I’ve broken down the assignment into parts to make it easier, but you’ll submit everything in a single Python script when you’re done. In my own solution I put a print() statement indicating each part, and I encourage you to do this same.
If you’re new to NumPy and matplotlib, remember: GIYF. There’s likely a good example on stackoverflow.com of how to do what you want to do, such as overlaying multiple plots. I will typically put a comment in my code with a link to the page that helped me in cases like this, and I encourage you to do the same. If you have any concerns about Honor System issues relating to this kind of coding, feel free to ask me.
Part 1: Roll your own
To get started, create a Python script called dotprod.py. This script should perform the following action. Each action should be preceded by a print statement to let the user know what’s going on.
- Create two lists of 1000000 (one million) elements, made by calling random.random() in a list comprehension Since you’re doing this more than once, you should write a function for it.
- Write a function to compute the dot product of the two lists. Print out the result.
- Does the result make sense? Add a print statement saying what you expected the result to be, and why.
- Use time.time() to compute the time taken by your dot-product function. (Call it once immediately before, storing the current time in a variable. Then call it again immediately after, subtracting the stored time value from the new current time).
Part 2: My name is NumPy, pronounced with an umPy …
Now we’re going to repeat what we did in Part 1, but this time with NumPy. So in your dotprod.py script add some code to do the following:
- Convert each of your two lists into a NumPy array, using numpy.asarray()
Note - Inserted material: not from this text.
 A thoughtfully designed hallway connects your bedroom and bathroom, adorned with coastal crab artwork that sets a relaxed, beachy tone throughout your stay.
- Use numpy.dot() to compute the dot product of these two arrays. Report the result (which should be the same as in Part 1, to several decimal places), and the time taken as you did above (which should be much shorter). The convention in the NumPy community is to abbreviate this by doing import numpy as as np at the top of your script, then calling np.dot() later.
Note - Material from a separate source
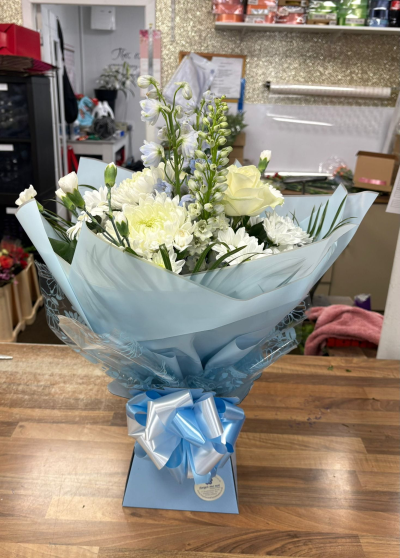 Baby Boy - Elegant white flowers presented in beautiful blue wrapping with a stylish bow, creating a thoughtful and charming gift to celebrate a new baby boy.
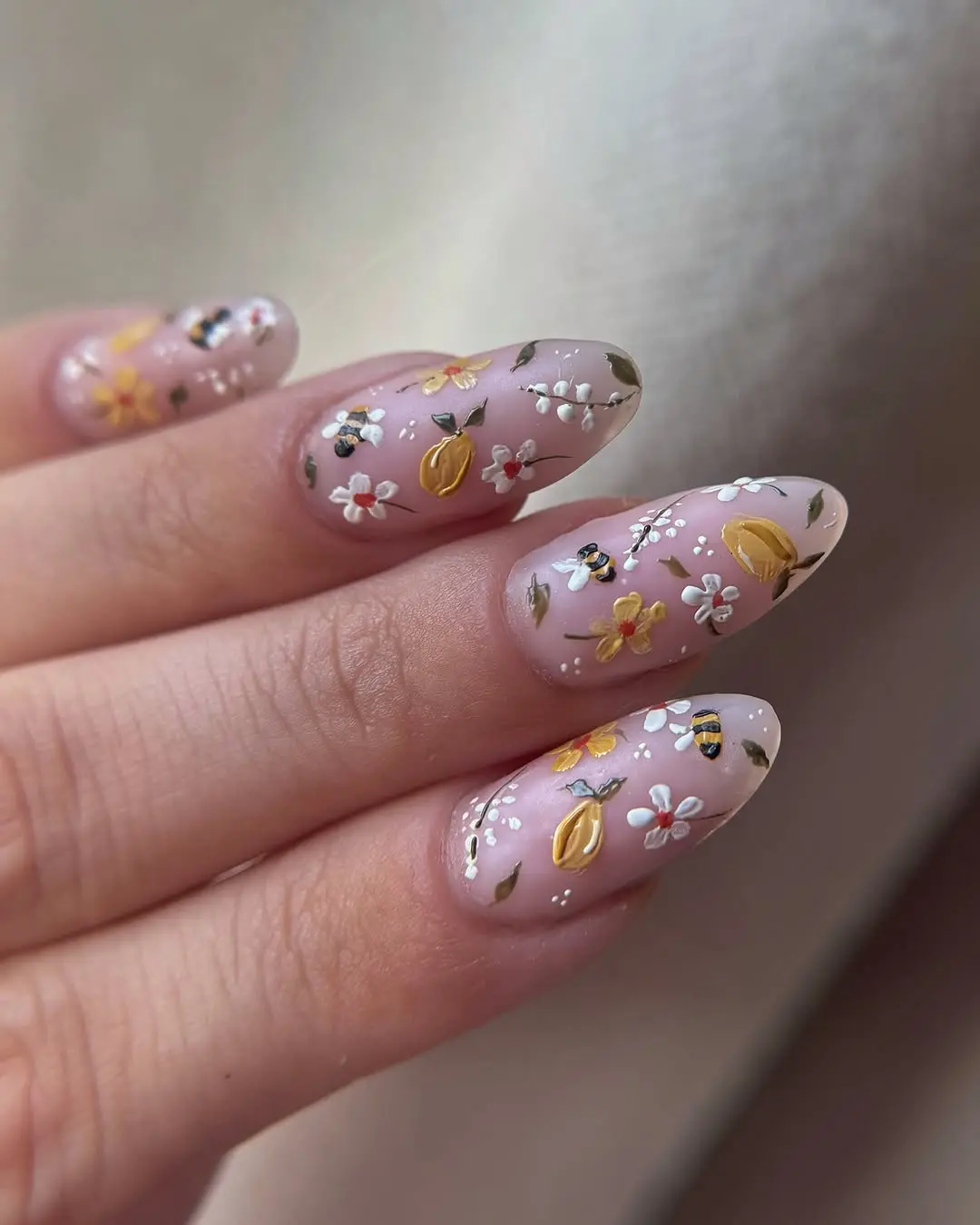 Charming bee-themed floral nail art design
Part 3: Speed trials and matplotlib
This part will be the most complicated, but will make use of things you already did in the first two parts. You’re going to compare the time taken by the two approaches (roll-your-own loop against numpy) for different sizes of very large arrays.
- Start with three empty numpy arrays. One array will hold time values for your roll-your-own dot product, another will hold time values for np.dot(), and a third will hold the size of the dot product being computed (see next step).
- Create a for loop to step from some large number of values to some even larger number, in large increments. For my solution I started at 1000000 (one million) values and stepped through 10000000 (ten million), inclusive, in increments of 1000000 (one million).
- For each such number, repeat steps 1 and 2 above; i.e., time your own version of dot product and then np.dot(). But now, append each timing result to the appropriate array (initially empty), using np.append(). Google numpy append for the syntax, which is different from that of standard Python arrays.
- Once you’ve got your two timing arrays, use matplotlib.pyplot.plot() to create a plot of each, followed by matplotlib.pyplot.show() to display your plot. The convention in the matplotlib community is to abbreviate this by doing import matplotlib.pyplot as plt at the top of your script, then calling plt.plot(), plt.show(), etc.
- Annotate your plot with axis labels and a legend, using plt.xlabel(), plt.ylabel(), and plt.legend(). You should get something like the figure below.
What to turn in to github
For this assignment, submit just your dotprod.py file. I am going to test this program as follows, from the command-line in a terminal window (I’m using % to indicate the command-line prompt):
% python3 dotprod.py
If your program contains a syntax error or runtime error, you will get a zero on this assignment. So, if you’re smart, you’ll set aside an extra few minutes to download your sakai submissions as test them as above.